Before the government halted its NHS testing programme on 12 March, high profile sites including the Google HQ site in King’s Cross and Crossrail’s Bond Street Station in London were shut down and deep cleaned after workers tested positive.
Once testing stopped, those with symptoms were instructed to self-isolate and not tested unless they presented at hospital, making the ONS data the first evidence that the COVID-19 was spreading on construction sites.
When testing was extended to construction workers after 27 April, five workers tested positive at Hinkley Point C’s nuclear power plant, which has more than 2,500 workers on site. But fears regarding the lack of social distancing at Hinkley Point C were reported as early as 24 March, when an unnamed worker contacted Somerset Live with photographs of a crowded canteen, saying, “No one is happy or feels safe.”
Construction site clusters have been reported in Singapore, several US states and in Kuala Lampur
The UK is not the only country to see clusters of cases focussed around construction sites. Singapore has linked 132 cases of COVID-19 to a single site, Kenyon/UBS, with an additional 97 linked to the West Coast Vale site and 91 to the Jovell construction site. Construction site clusters have also been reported in several US states, and in Kuala Lampur.

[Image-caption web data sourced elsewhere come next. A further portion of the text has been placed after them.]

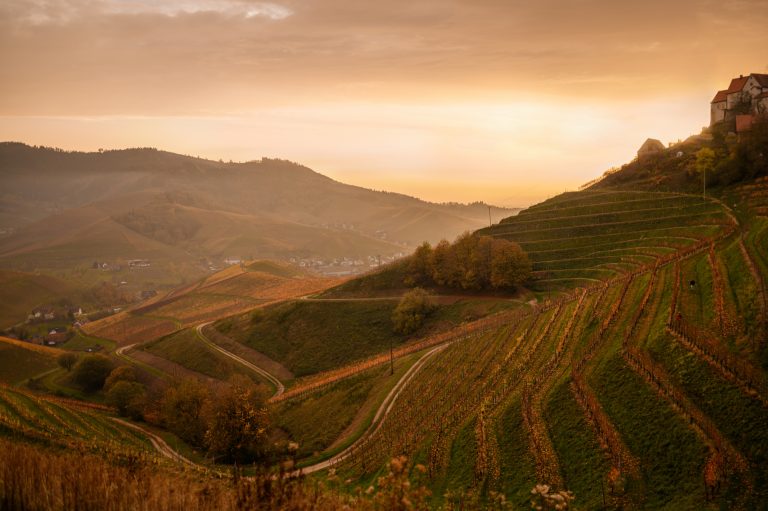 turismo ecosostenibile roero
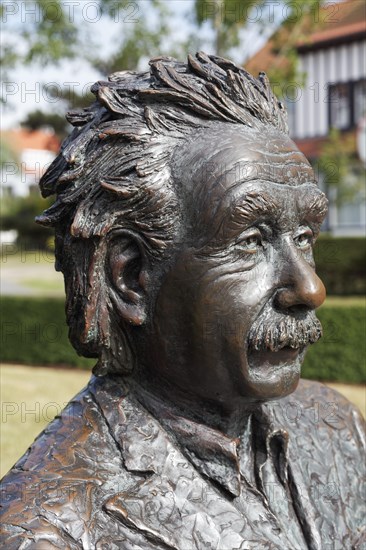 Albert Einstein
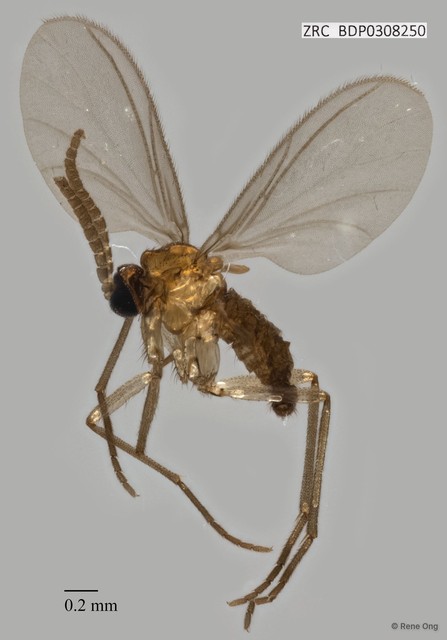 Sciaridae sp. "ZRCBDP0308250" • © Rene Ong • All Rights Reserved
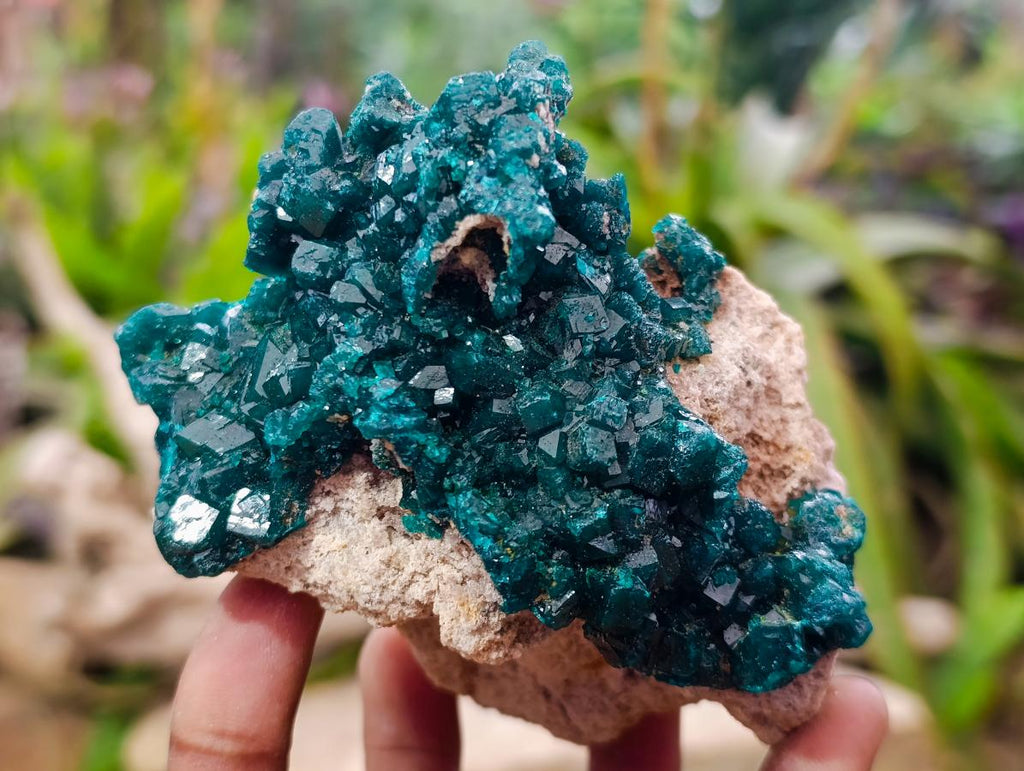 Natural Gorgeous Emerald Green Cabinet Sized Classic Dioptase Specimen x 1 From Tantara Mine, Congo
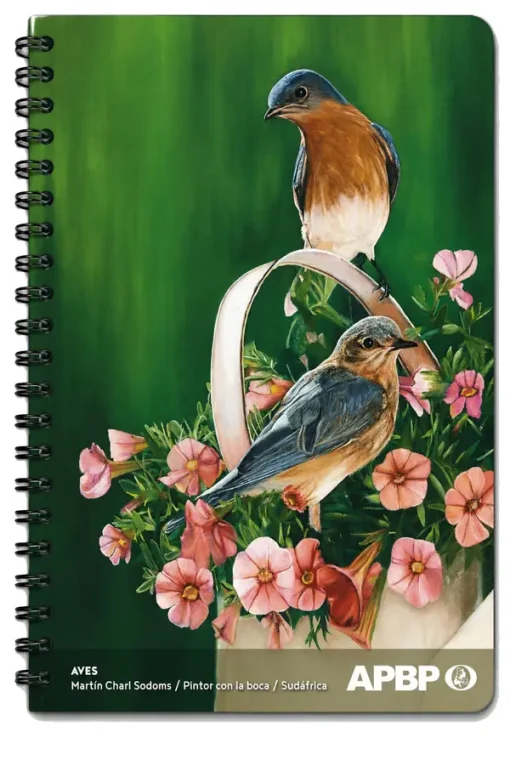 Cuaderno Aves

In an attempt to boost morale, a letter from the business secretary was distributed in March “to everyone working in the UK’s construction sector” in which Sharma extends his “heartfelt and personal thanks”.
“I salute you for the enormous efforts you are individually undertaking to support the UK economy,” Sharma adds.
Hundreds of construction workers have died thus far in service to the property industry and the economy, as the ONS figures prove. Who will be held accountable for the failure to lockdown and the safety guidance that may have cost them their lives?